Joint work with B. Sudakov.
Date: November 8, 2021
Speaker: Quentin Dubroff (Rutgers)
Title: Linear cover time is exponentially unlikely
Abstract: Proving a 2009 conjecture of Itai Benjamini, we show: For any C, there is a > 0 such that for any simple random walk on an n-vertex graph G, the probability that the first Cn steps of the walk hit every vertex of G is at most exp[-an]. A first ingredient of the proof is a similar statement for Markov chains in which all transition probabilities are less than a suitable function of C. Joint with Jeff Kahn.
Date: November 1, 2021
Speaker: Gil Kalai (Hebrew University of Jerusalem, Reichman University, and NYU)

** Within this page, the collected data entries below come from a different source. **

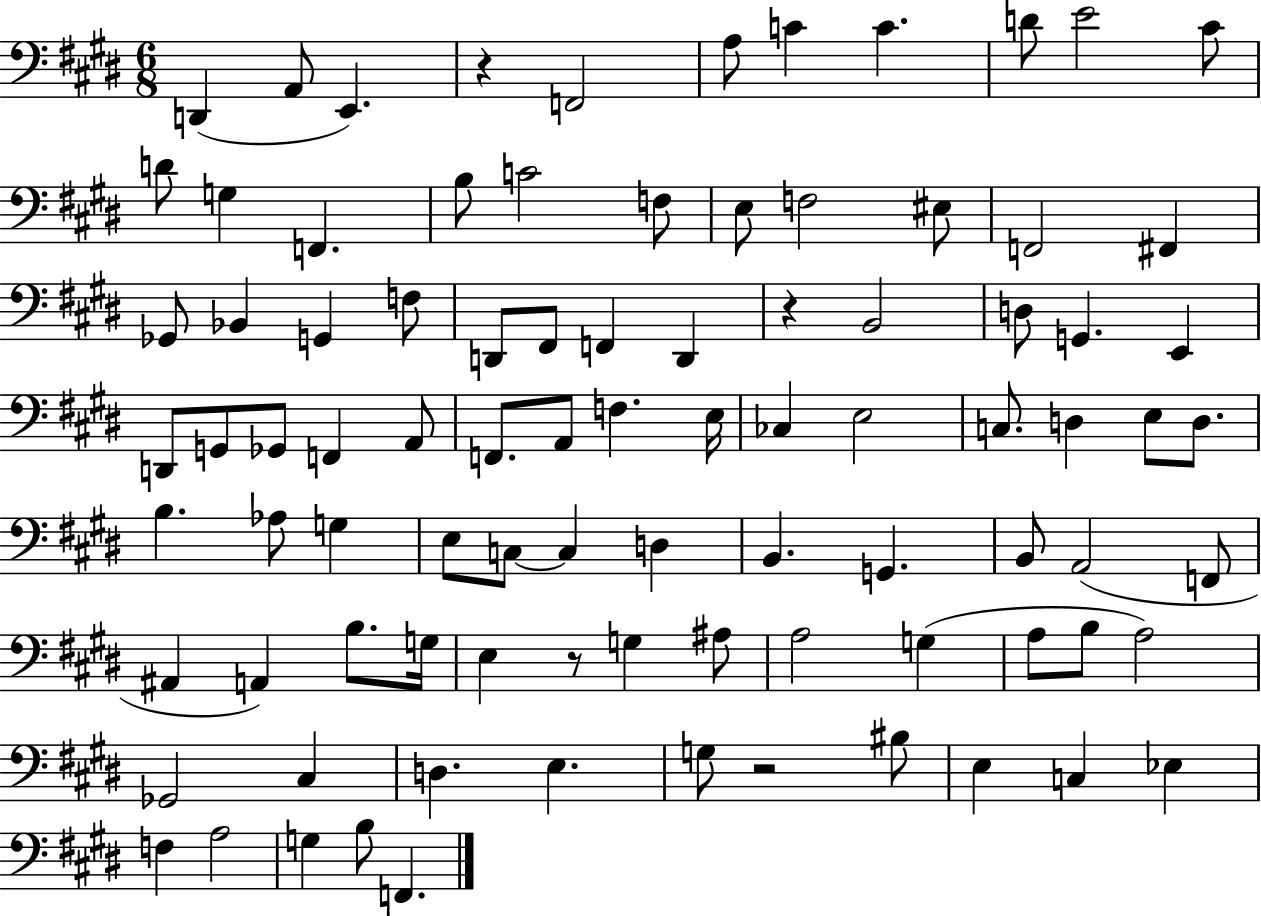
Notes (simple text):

D2/q A2/e E2/q. R/q F2/h A3/e C4/q C4/q. D4/e E4/h C#4/e D4/e G3/q F2/q. B3/e C4/h F3/e E3/e F3/h EIS3/e F2/h F#2/q Gb2/e Bb2/q G2/q F3/e D2/e F#2/e F2/q D2/q R/q B2/h D3/e G2/q. E2/q D2/e G2/e Gb2/e F2/q A2/e F2/e. A2/e F3/q. E3/s CES3/q E3/h C3/e. D3/q E3/e D3/e. B3/q. Ab3/e G3/q E3/e C3/e C3/q D3/q B2/q. G2/q. B2/e A2/h F2/e A#2/q A2/q B3/e. G3/s E3/q R/e G3/q A#3/e A3/h G3/q A3/e B3/e A3/h Gb2/h C#3/q D3/q. E3/q. G3/e R/h BIS3/e E3/q C3/q Eb3/q F3/q A3/h G3/q B3/e F2/q. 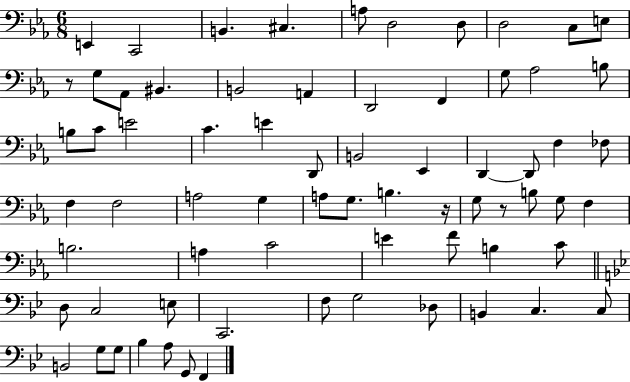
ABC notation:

X:1
T:Untitled
M:6/8
L:1/4
K:Eb
E,, C,,2 B,, ^C, A,/2 D,2 D,/2 D,2 C,/2 E,/2 z/2 G,/2 _A,,/2 ^B,, B,,2 A,, D,,2 F,, G,/2 _A,2 B,/2 B,/2 C/2 E2 C E D,,/2 B,,2 _E,, D,, D,,/2 F, _F,/2 F, F,2 A,2 G, A,/2 G,/2 B, z/4 G,/2 z/2 B,/2 G,/2 F, B,2 A, C2 E F/2 B, C/2 D,/2 C,2 E,/2 C,,2 F,/2 G,2 _D,/2 B,, C, C,/2 B,,2 G,/2 G,/2 _B, A,/2 G,,/2 F,, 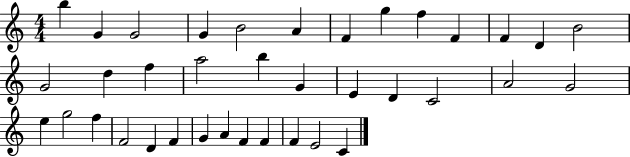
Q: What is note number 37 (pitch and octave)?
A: C4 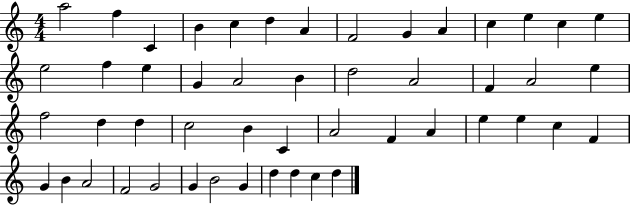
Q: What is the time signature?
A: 4/4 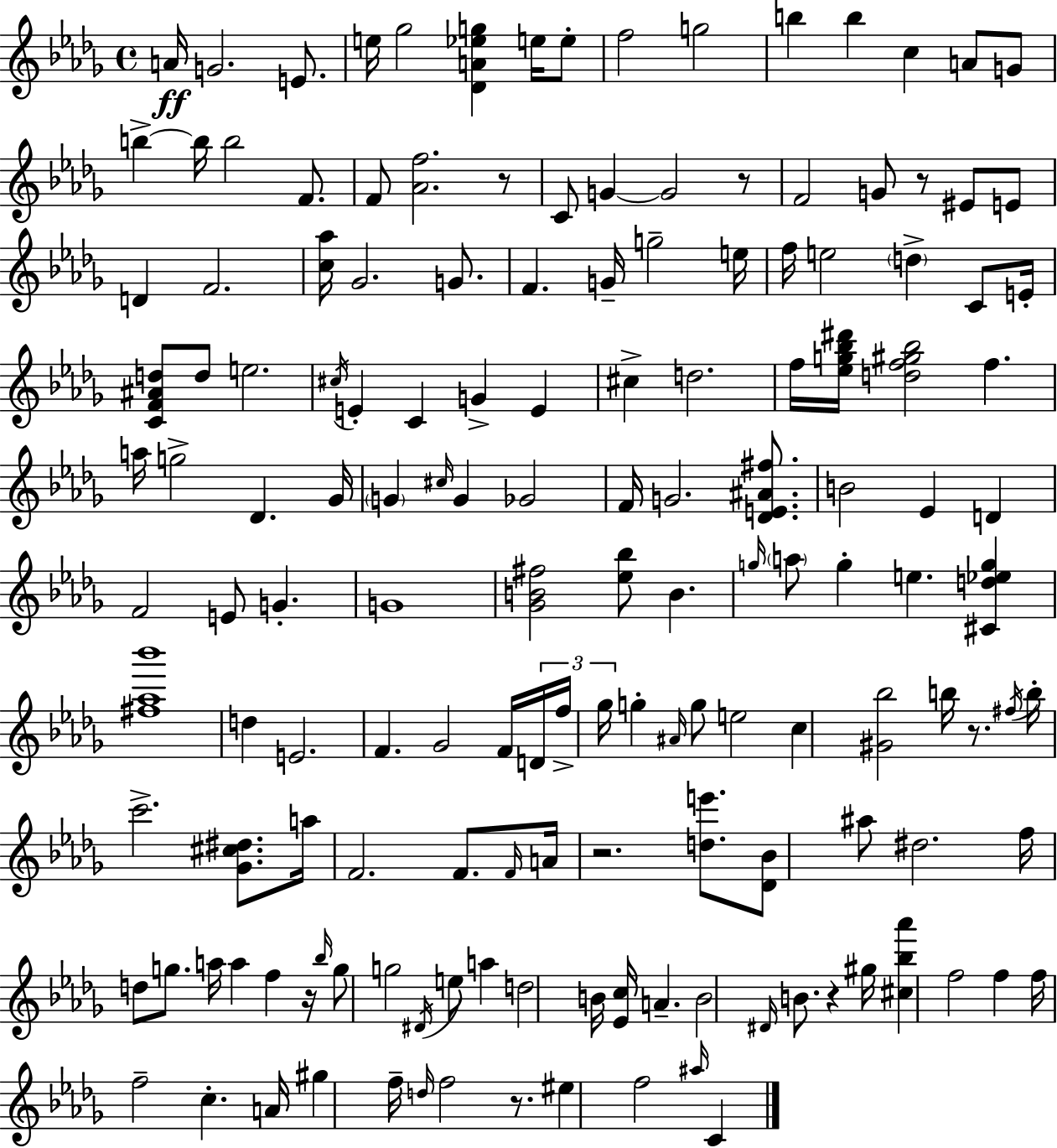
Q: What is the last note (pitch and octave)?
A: C4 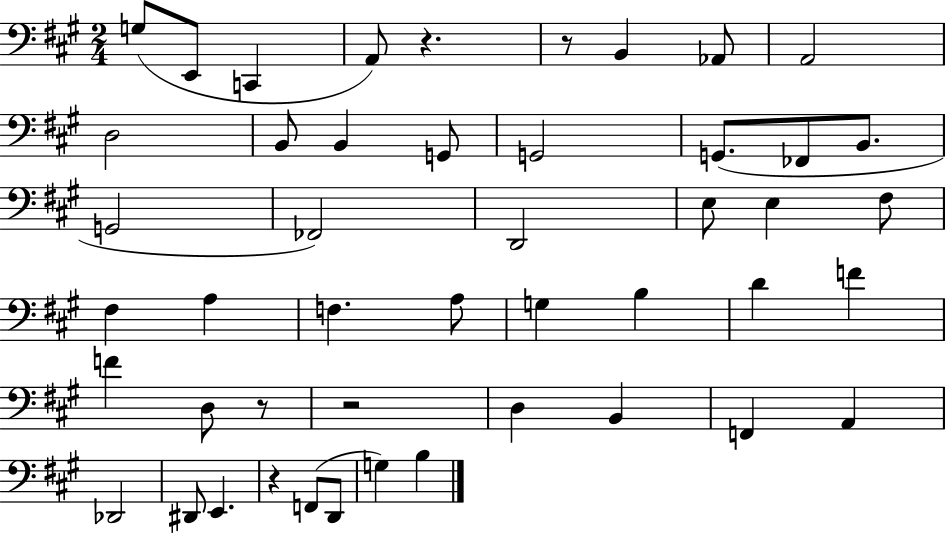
X:1
T:Untitled
M:2/4
L:1/4
K:A
G,/2 E,,/2 C,, A,,/2 z z/2 B,, _A,,/2 A,,2 D,2 B,,/2 B,, G,,/2 G,,2 G,,/2 _F,,/2 B,,/2 G,,2 _F,,2 D,,2 E,/2 E, ^F,/2 ^F, A, F, A,/2 G, B, D F F D,/2 z/2 z2 D, B,, F,, A,, _D,,2 ^D,,/2 E,, z F,,/2 D,,/2 G, B, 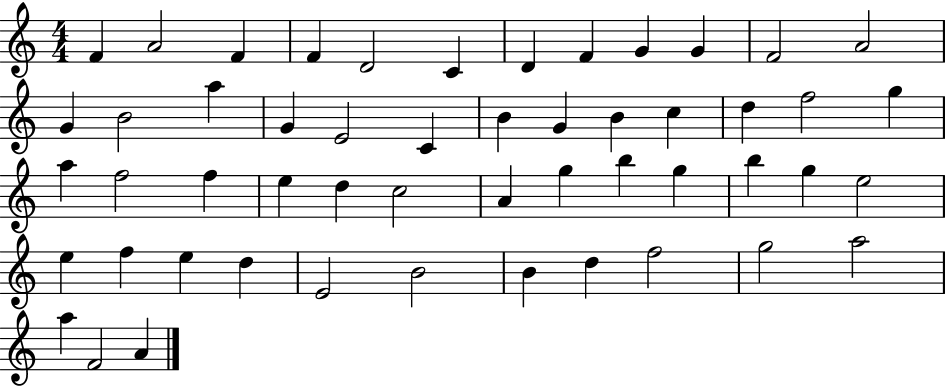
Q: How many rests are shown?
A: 0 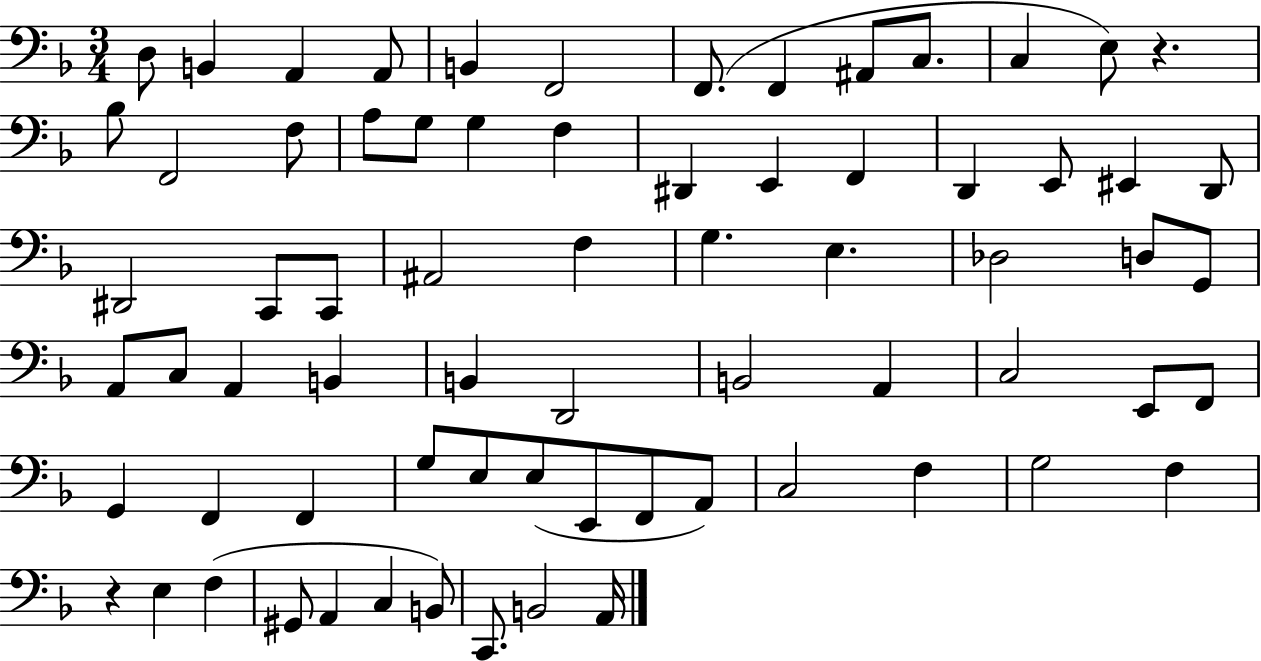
X:1
T:Untitled
M:3/4
L:1/4
K:F
D,/2 B,, A,, A,,/2 B,, F,,2 F,,/2 F,, ^A,,/2 C,/2 C, E,/2 z _B,/2 F,,2 F,/2 A,/2 G,/2 G, F, ^D,, E,, F,, D,, E,,/2 ^E,, D,,/2 ^D,,2 C,,/2 C,,/2 ^A,,2 F, G, E, _D,2 D,/2 G,,/2 A,,/2 C,/2 A,, B,, B,, D,,2 B,,2 A,, C,2 E,,/2 F,,/2 G,, F,, F,, G,/2 E,/2 E,/2 E,,/2 F,,/2 A,,/2 C,2 F, G,2 F, z E, F, ^G,,/2 A,, C, B,,/2 C,,/2 B,,2 A,,/4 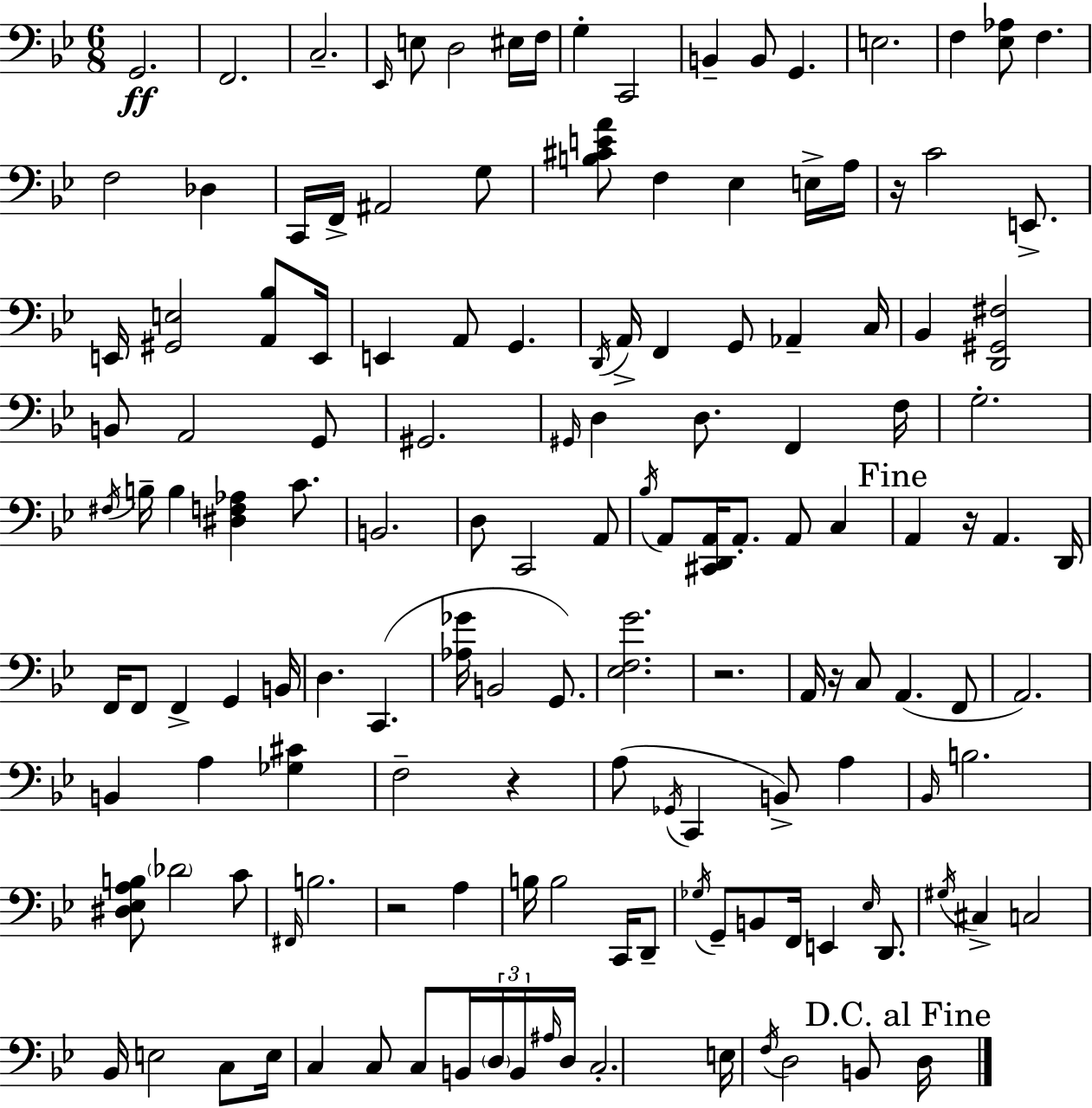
{
  \clef bass
  \numericTimeSignature
  \time 6/8
  \key g \minor
  \repeat volta 2 { g,2.\ff | f,2. | c2.-- | \grace { ees,16 } e8 d2 eis16 | \break f16 g4-. c,2 | b,4-- b,8 g,4. | e2. | f4 <ees aes>8 f4. | \break f2 des4 | c,16 f,16-> ais,2 g8 | <b cis' e' a'>8 f4 ees4 e16-> | a16 r16 c'2 e,8.-> | \break e,16 <gis, e>2 <a, bes>8 | e,16 e,4 a,8 g,4. | \acciaccatura { d,16 } a,16-> f,4 g,8 aes,4-- | c16 bes,4 <d, gis, fis>2 | \break b,8 a,2 | g,8 gis,2. | \grace { gis,16 } d4 d8. f,4 | f16 g2.-. | \break \acciaccatura { fis16 } b16-- b4 <dis f aes>4 | c'8. b,2. | d8 c,2 | a,8 \acciaccatura { bes16 } a,8 <cis, d, a,>16 a,8.-. a,8 | \break c4 \mark "Fine" a,4 r16 a,4. | d,16 f,16 f,8 f,4-> | g,4 b,16 d4. c,4.( | <aes ges'>16 b,2 | \break g,8.) <ees f g'>2. | r2. | a,16 r16 c8 a,4.( | f,8 a,2.) | \break b,4 a4 | <ges cis'>4 f2-- | r4 a8( \acciaccatura { ges,16 } c,4 | b,8->) a4 \grace { bes,16 } b2. | \break <dis ees a b>8 \parenthesize des'2 | c'8 \grace { fis,16 } b2. | r2 | a4 b16 b2 | \break c,16 d,8-- \acciaccatura { ges16 } g,8-- b,8 | f,16 e,4 \grace { ees16 } d,8. \acciaccatura { gis16 } cis4-> | c2 bes,16 | e2 c8 e16 c4 | \break c8 c8 b,16 \tuplet 3/2 { \parenthesize d16 b,16 \grace { ais16 } } d16 | c2.-. | e16 \acciaccatura { f16 } d2 b,8 | \mark "D.C. al Fine" d16 } \bar "|."
} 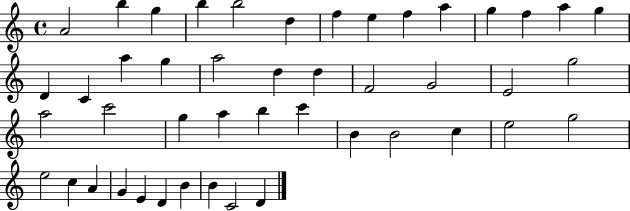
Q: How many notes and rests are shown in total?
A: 46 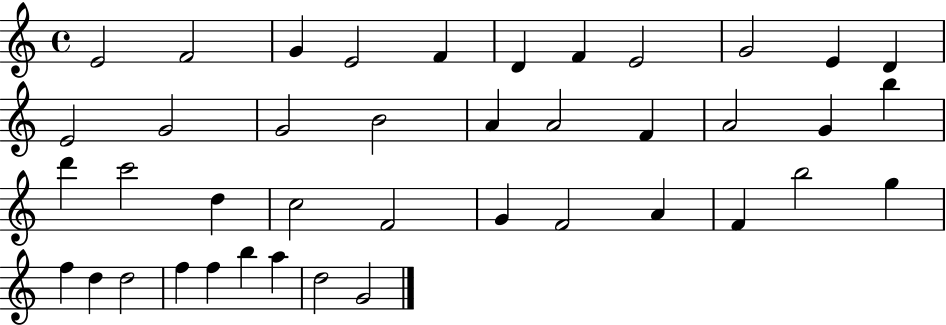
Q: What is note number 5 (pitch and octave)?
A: F4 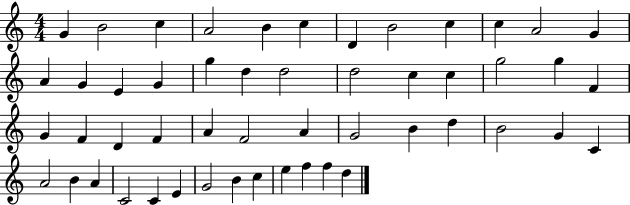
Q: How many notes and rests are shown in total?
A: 51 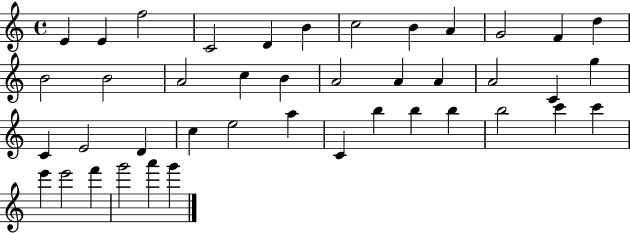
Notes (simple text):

E4/q E4/q F5/h C4/h D4/q B4/q C5/h B4/q A4/q G4/h F4/q D5/q B4/h B4/h A4/h C5/q B4/q A4/h A4/q A4/q A4/h C4/q G5/q C4/q E4/h D4/q C5/q E5/h A5/q C4/q B5/q B5/q B5/q B5/h C6/q C6/q E6/q E6/h F6/q G6/h A6/q G6/q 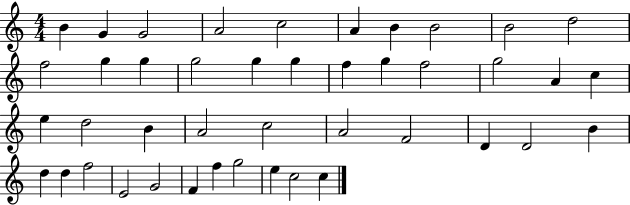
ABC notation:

X:1
T:Untitled
M:4/4
L:1/4
K:C
B G G2 A2 c2 A B B2 B2 d2 f2 g g g2 g g f g f2 g2 A c e d2 B A2 c2 A2 F2 D D2 B d d f2 E2 G2 F f g2 e c2 c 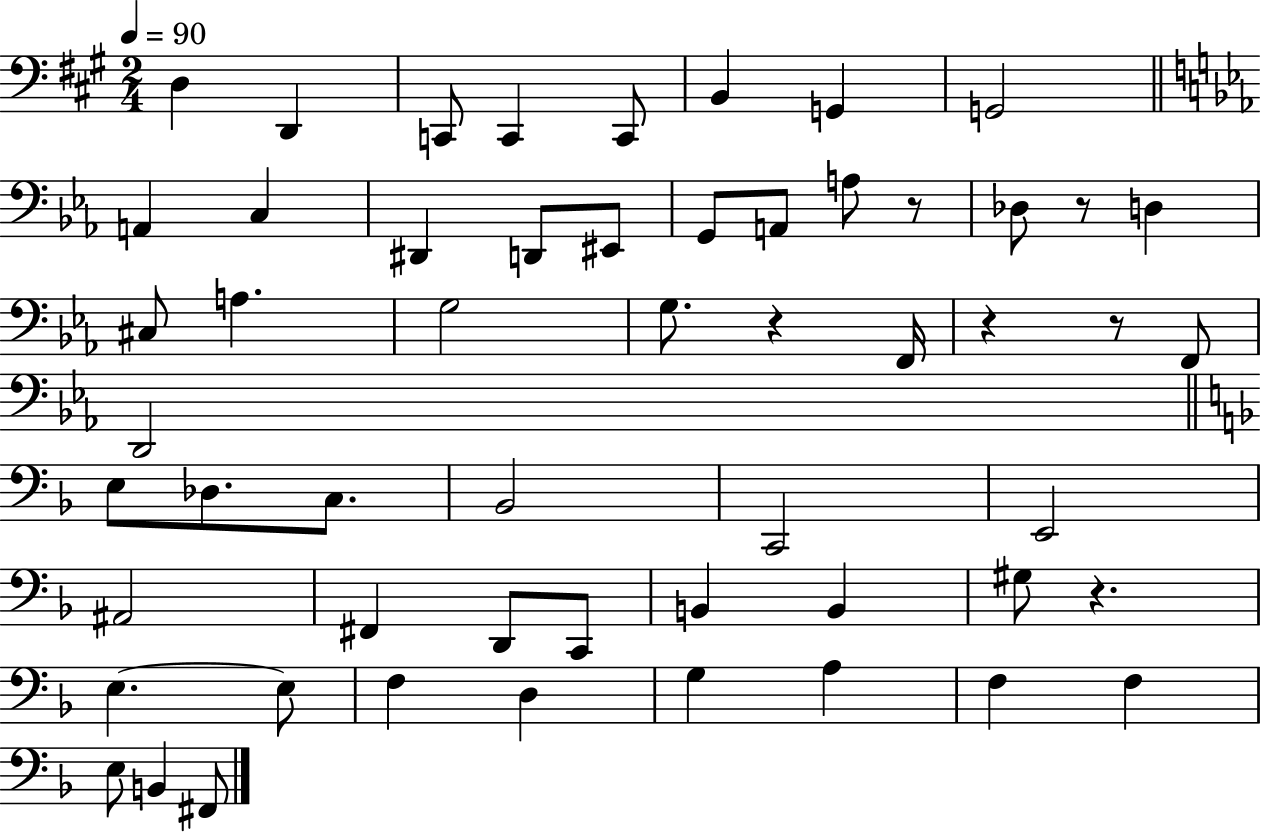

Title: Helly-type problems: topology, the cascade conjecture, and graph coloring.
*Introductory 16-minute video (not required for the talk itself; if it does not load, try a different browser)
Abstract: Helly-type theorems and problems form a nice area of discrete geometry. In the lecture I will start with the notable theorems of Radon and Tverberg and mention the following conjectural
extension.
For a set X of points x(1), x(2),...,x(n) in some real vector space V we denote by T(X;r) the set of points
in X that belong to the convex hulls of r pairwise disjoint subsets of X. We let t(X;r)=1+dim (T(X;r)).
Radon's theorem asserts that if t(X,1)< |X| then t(X,2) >0.
The first open case of the cascade conjecture asserts that if t(X,1)+t(X,2) < |X| then t(X,3) >0.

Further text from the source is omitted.